Tuesday, 24 April 2012

presto-chango or mission abolished

Though ostensibly in response to the promise of more moderate and democratic regimes in the wake of the Arab Spring (which caught the West off-guard, though now they are trying to countermand the movement and cultivate partnerships), elements within the US executive branch have pronounced the war on terror to be over, the tide receding. I truly hope that peace, openness and reason will return to fill that void, idleness of the machines of war, but I suspect that prosecuting terrorists is merely transmuting into something more devious and shadowy, and puts the conduct and shell-diplomacy of the US just a few precious notches above the forces and ideals that they were fighting against, until just now.
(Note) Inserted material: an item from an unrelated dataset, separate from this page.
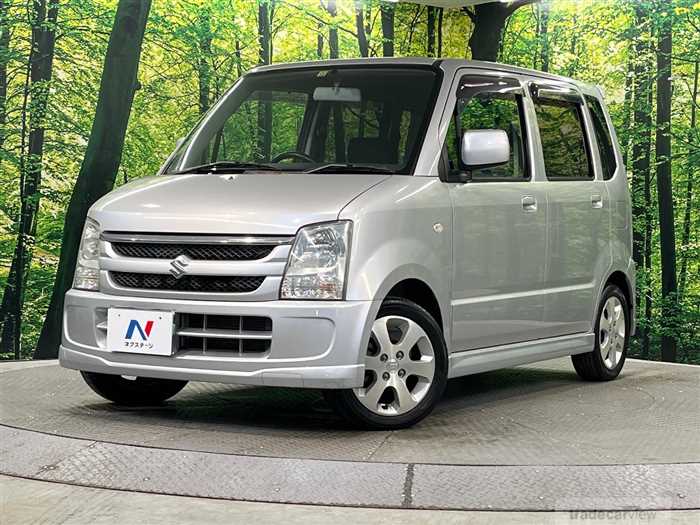 2005 Suzuki Wagon R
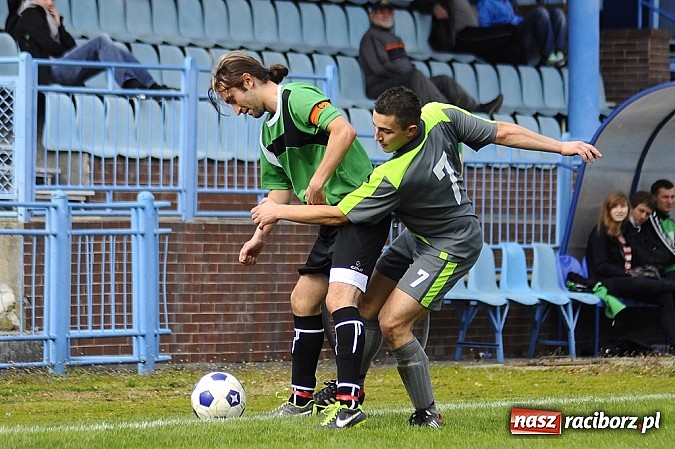 Zdjęcie w galerii na portalu naszraciborz.pl: Wicher z Płoni pokonał Górki wiadomości z regionu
The armed forces, vetted and contained by Congress, and the foreign service corps of America are being drastically cut, only to be replaced with mercenaries and all-seeing harpies. 
 One important characteristic, at least one that was highlighted by the US for justification, of terrorism is that these groups fight unconventionally, outside of the context and oversight of government and law. This shift to contracted warfare, rendition, secret operations sounds uncomfortably similar to the modus operandi of enemy combatants, unaccountable and held to no standards or overarching consensus.  Soldiers-of-Fortune do not exactly seem promising, not only in keeping the peace but also in terms of real defense from real threats.  Add to the formula the erosion of civil liberties, income disparities, chronic under-employment and a representative democracy that has strayed far from its intended purpose and process, America is becoming more rogue and difficult to distinguish as a leader among nations.